I think my favorite part about the “new digital age” is that since the internet never lets anything go (good and bad, hehe) you can look back on old pictures, on old posts, on old anything, and reflect. I found a post on my blog from last year and it really made me stop and think about the last year. It made me think about the roller coaster it has been, all the things that I thought I wanted, all the things that happened and I had wished they were different, and all of the things that led me here, to this exact place. Freaking crazy.
So I wrote this post last summer, 3 days before my birthday so July 24th.
I’ve always heard; the most growth happens outside your comfort zone. I’ve certainly never rejected the idea, but I don’t know that I always welcomed it. In recent months, I’ve encouraged others to get outside their comfort zone, to take a risk, and look how incredible the reward could be. While not all listened, some did. And those are some major life change. Good advice giver; yes. Good advice taker; ehh, I’m learning. So in the spirit of major life changes, risks, and eating our own advice, I quit my job. It’s scary, it’s risky, it’s out of my comfort zone. BUT to get to a place where I love what I am doing, change must incur. Thus, change. In the biggest way, in the most selfish way, and in the way that is really going to change my life.

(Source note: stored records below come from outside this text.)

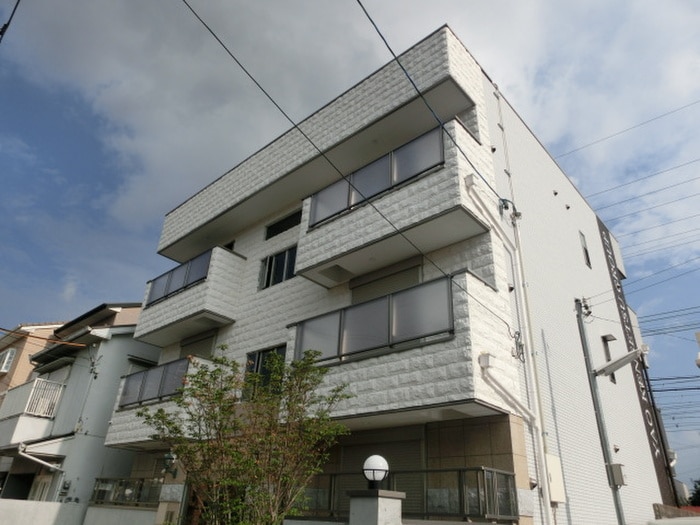 Ｃｈａｎｃｅ西山本の物件外観写真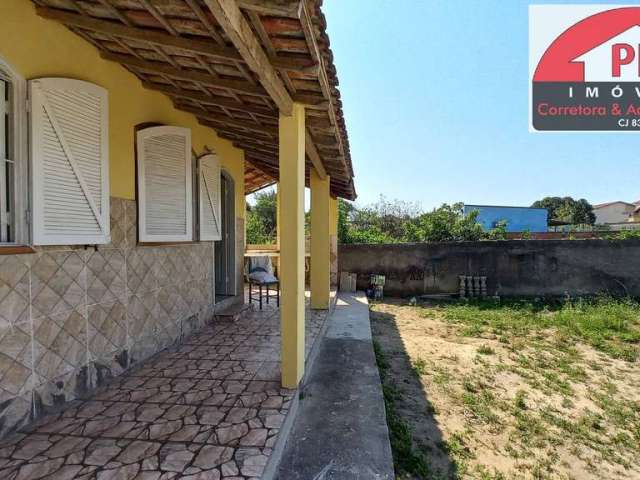 Casa Aconchegante com Amplo Quintal - 2 Quartos e Varanda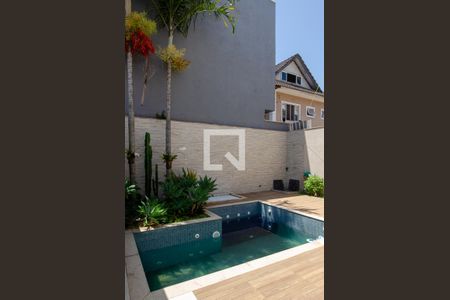 Casa para alugar com 234m², 4 quartos e 1 vagaÁrea externa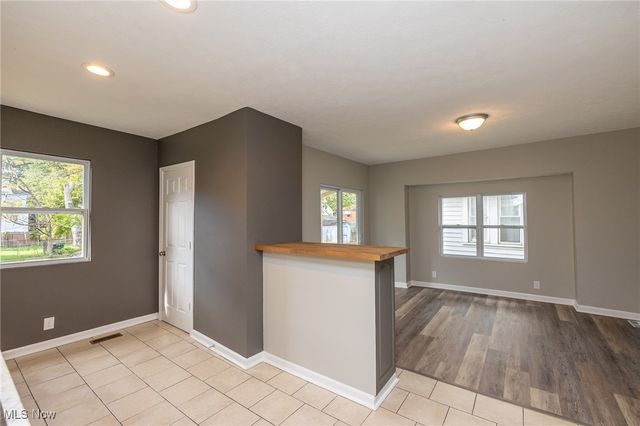 2278 26th Street SW, Akron, OH 44314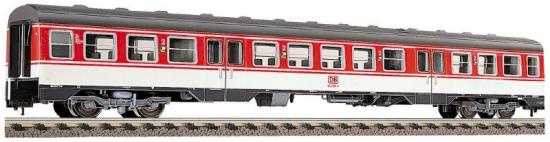 Centre Passenger car for diesel railcar unit class 914 without motor<br /><a href='images/pictures/Fleischmann/4433.jpg' target='_blank'>Full size image</a>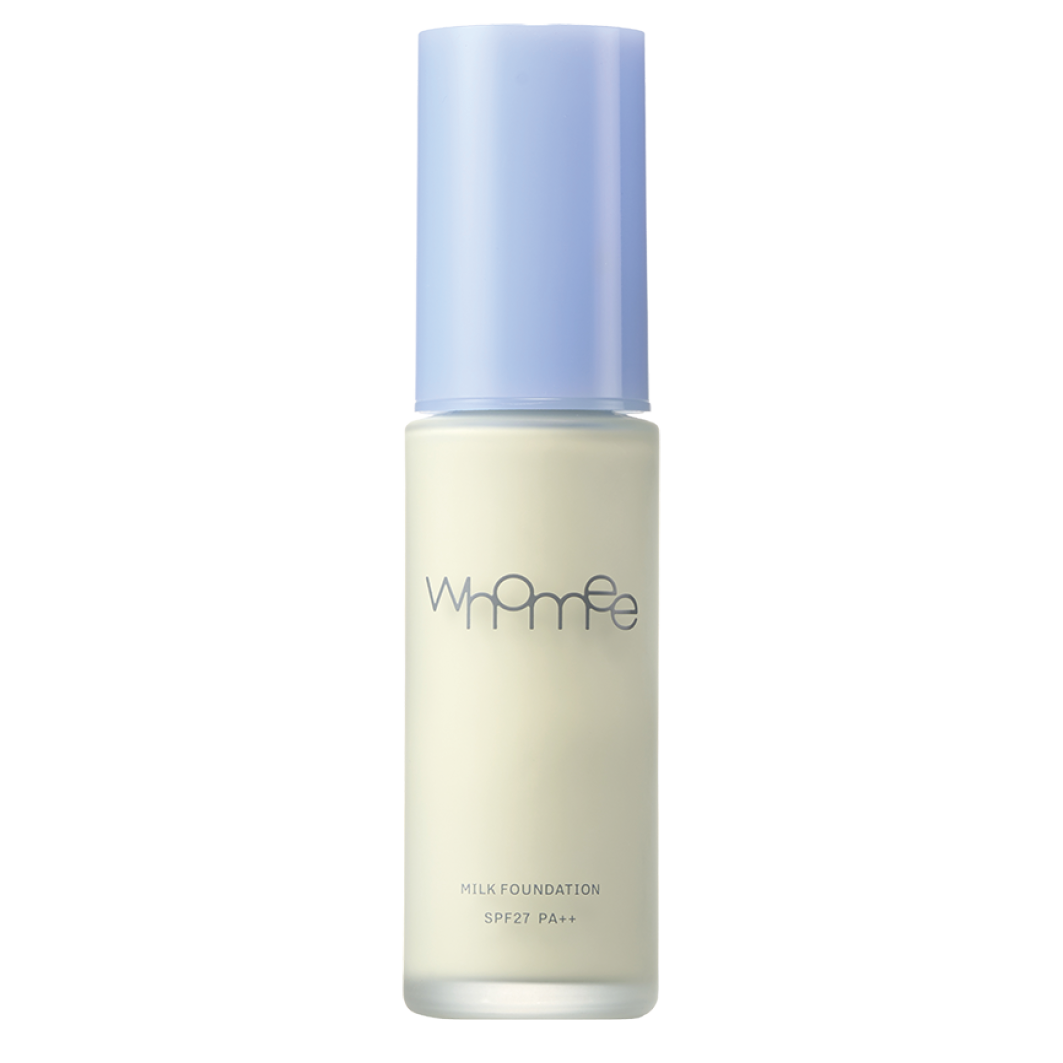 赤みをおさえ、透明感をブースト。whomee ミルク ファンデーション メドウ SPF27・PA++ 27 mL ¥3,190（WinC）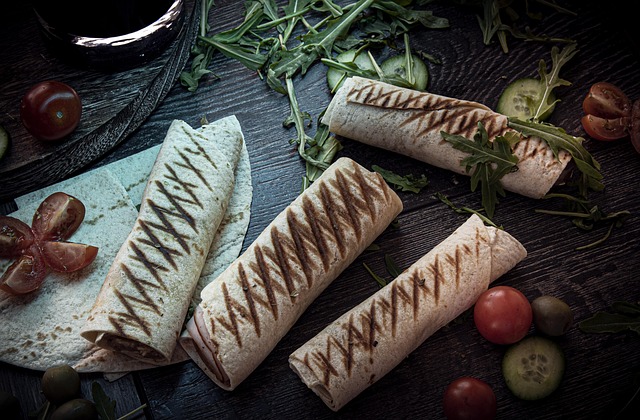 **"Żydowskie wpływy w kuchni polskiej inteligencji przed 1939: Koszerne inspiracje i adaptacje w menu elit"** - 1 2025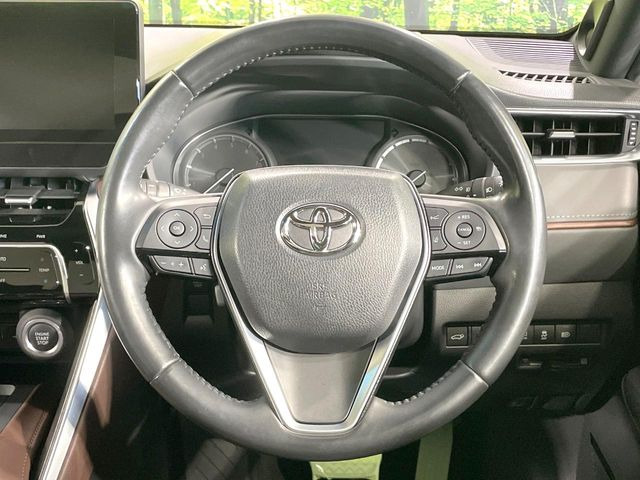 �y�����v�����X�e�A�����O�z�㎿�Ȋv���g�p���邱�ƂŁA��ɂ����������݂ƂĂ��^�]���₷���n���h���ł���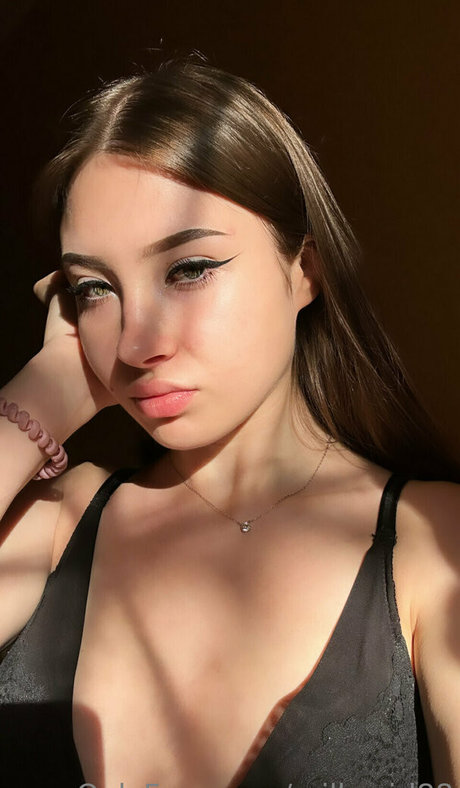 Nagie wyciekłe zdjęcie OnlyFans od Emmsee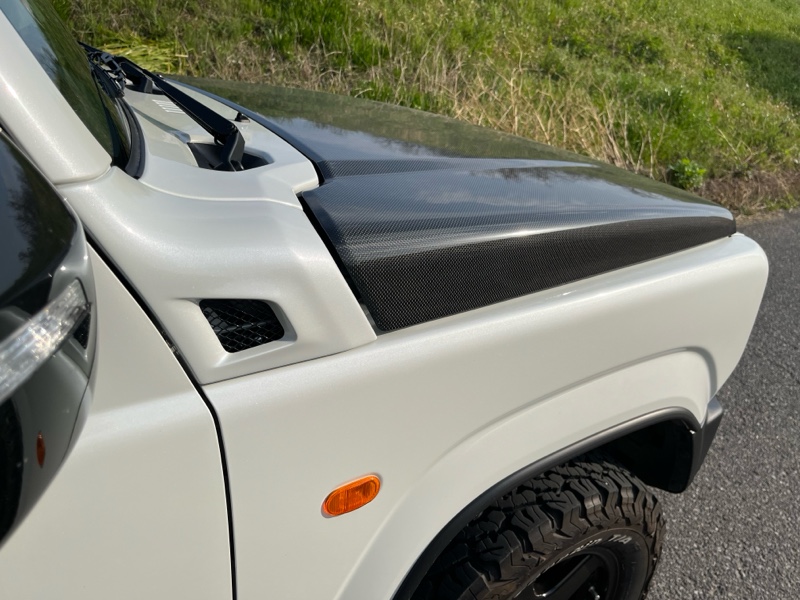 jb64ジムニー 純正カウリングサイドパネル 中古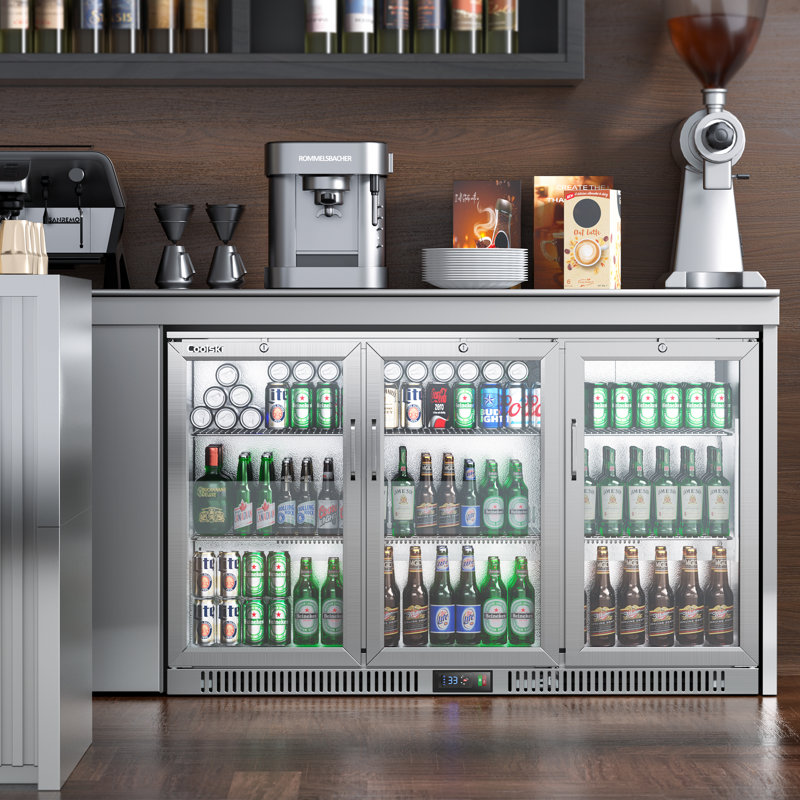 Réfrigérateur à boissons Coolski avec 3 portes, refroidisseur de bar arrière commercial pour le bicarbonate de soude, réfrigérateur à affichage sous le comptoir à hauteur de comptoir pour bar / maison, éclairage en acier inoxydable / à DEL / hom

I am lucky to be surrounded by people who encourage, support and love me. #gratefulheart
Point being; do something that puts you outside your comfort zone, who knows, you might grow!
I reflect on how I must’ve been feeling. Anxious, scared, all of the above, but honestly, it was the best choice I could’ve made for myself. Since leaving, not only have I gained balance and peace in my life, but I have gained lifelong friends, new career goals + aspirations and literally too much to keep going on and on about. I suppose my point in sharing all this is because it encouraged me, to keep doing what I am doing, to keep taking risks, and to keep looking for the good in things. Change can be scary, and it can be off putting, but nothing is worse than sitting in a place of complacency. Some things can’t be fixed, and sometimes that is terrifying, but we cannot hold onto broken things, or things that are no longer serving us because we are scared. There is a world of opportunity and new beginnings.
New job, new hair, new man, new life, whatever it is, go.